# What needs to be done:
Please copy, exactly as they appear below, the lines from the one containing "Front grill 865611D010" through the one containing "Chọn Alfa Romeo 4C hay Porsche Cayman? 1".

# Available data:
-- -- --

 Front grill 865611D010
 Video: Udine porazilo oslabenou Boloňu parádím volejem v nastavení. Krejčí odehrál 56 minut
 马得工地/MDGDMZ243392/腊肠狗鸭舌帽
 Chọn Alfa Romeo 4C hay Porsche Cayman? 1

-- -- --

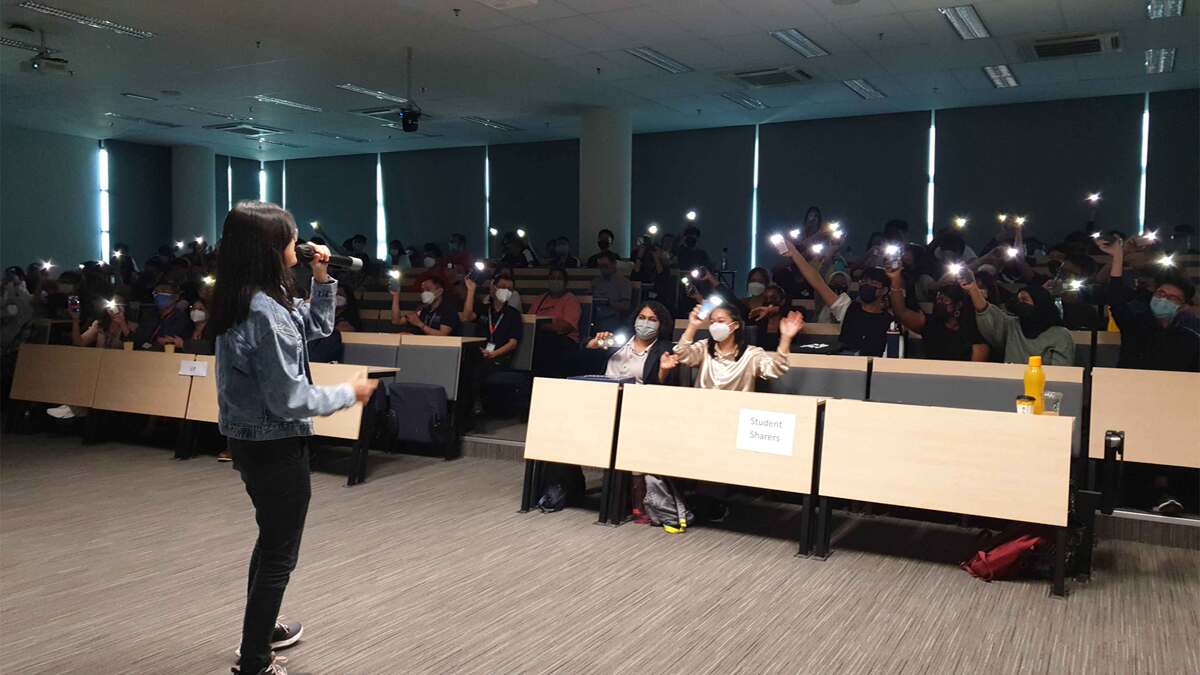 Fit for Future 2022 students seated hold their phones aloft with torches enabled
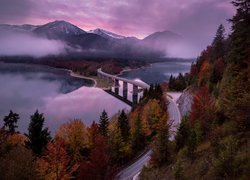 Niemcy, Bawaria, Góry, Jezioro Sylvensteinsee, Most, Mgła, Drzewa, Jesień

-- -- --

# Written reply:
 Front grill 865611D010
 Video: Udine porazilo oslabenou Boloňu parádím volejem v nastavení. Krejčí odehrál 56 minut
 马得工地/MDGDMZ243392/腊肠狗鸭舌帽
 Chọn Alfa Romeo 4C hay Porsche Cayman? 1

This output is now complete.